Top of Given records
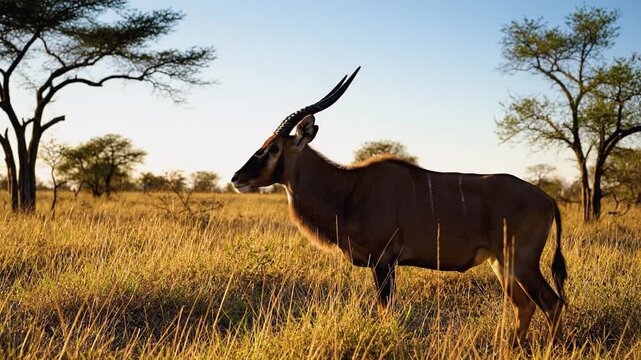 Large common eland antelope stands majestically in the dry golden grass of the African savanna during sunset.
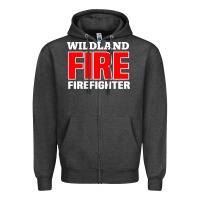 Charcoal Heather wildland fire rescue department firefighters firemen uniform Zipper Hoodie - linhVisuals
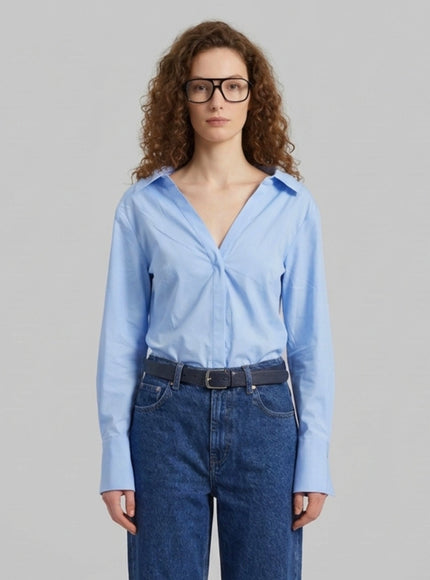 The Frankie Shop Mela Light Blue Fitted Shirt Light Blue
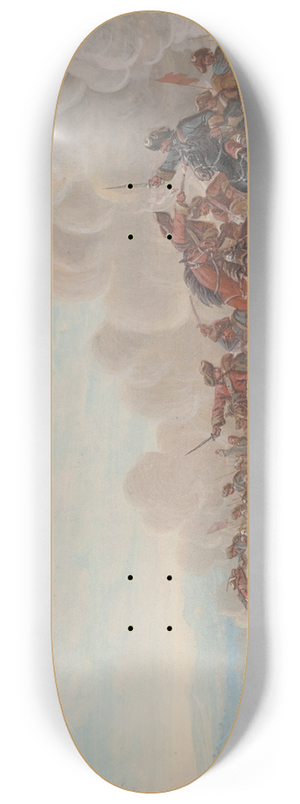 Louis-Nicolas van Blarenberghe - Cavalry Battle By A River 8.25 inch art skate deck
Bottom of Given records
Top of Given records
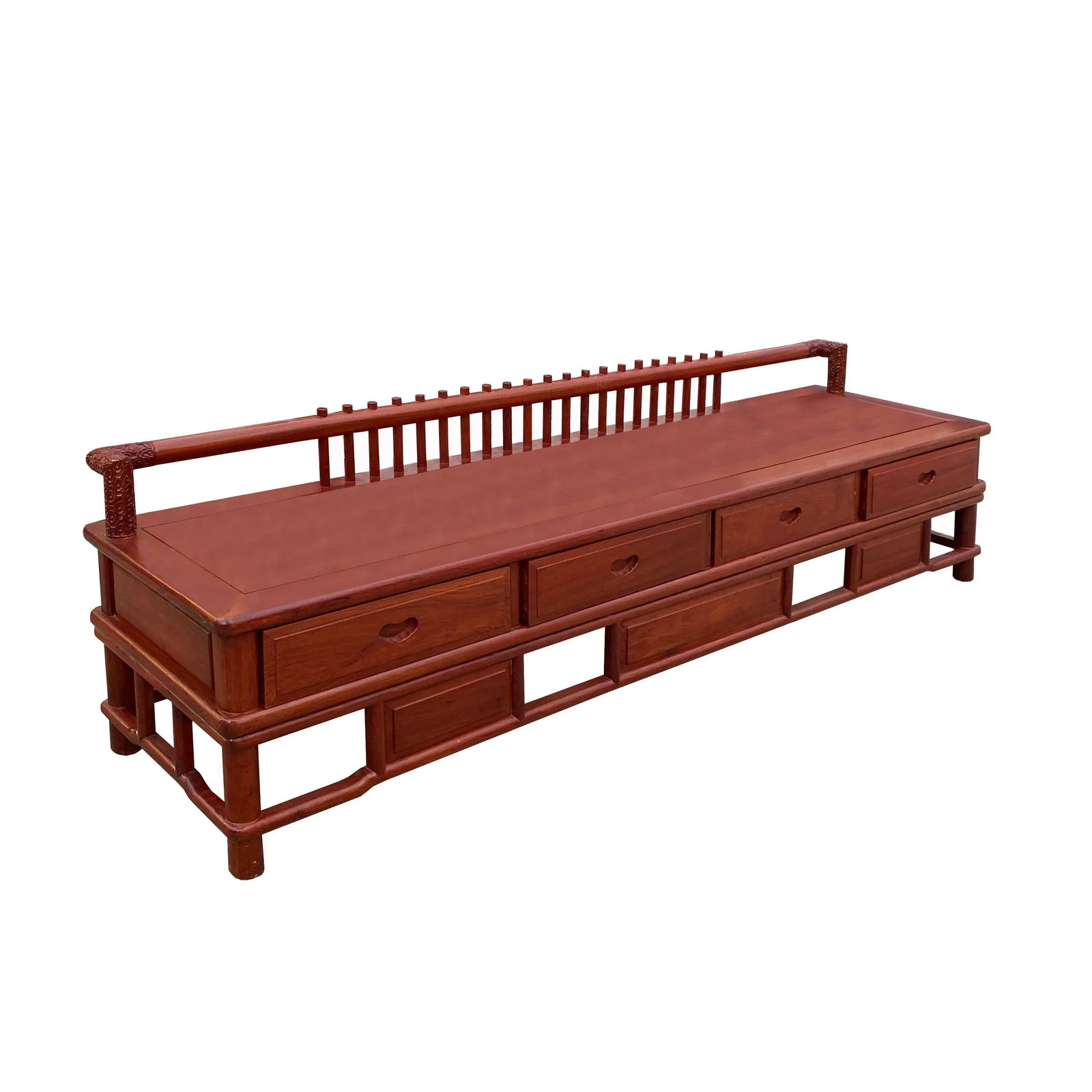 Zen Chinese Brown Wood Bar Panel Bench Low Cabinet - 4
Bottom of Given records
Top of Given records
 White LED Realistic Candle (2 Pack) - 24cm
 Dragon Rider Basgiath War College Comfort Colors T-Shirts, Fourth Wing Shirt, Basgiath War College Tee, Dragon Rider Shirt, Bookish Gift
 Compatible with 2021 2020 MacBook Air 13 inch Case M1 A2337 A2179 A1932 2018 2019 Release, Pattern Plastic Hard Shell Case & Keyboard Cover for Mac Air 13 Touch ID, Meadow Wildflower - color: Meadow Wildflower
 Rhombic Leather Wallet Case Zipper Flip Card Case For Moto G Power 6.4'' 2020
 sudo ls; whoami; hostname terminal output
Bottom of Given records
Work to be completed
In the listing above, find the line with "Rhombic Leather Wallet" and the line with "sudo ls; whoami; hostname terminal output"; output exactly those lines and all lines between them.

Exercise result
 Rhombic Leather Wallet Case Zipper Flip Card Case For Moto G Power 6.4'' 2020
 sudo ls; whoami; hostname terminal output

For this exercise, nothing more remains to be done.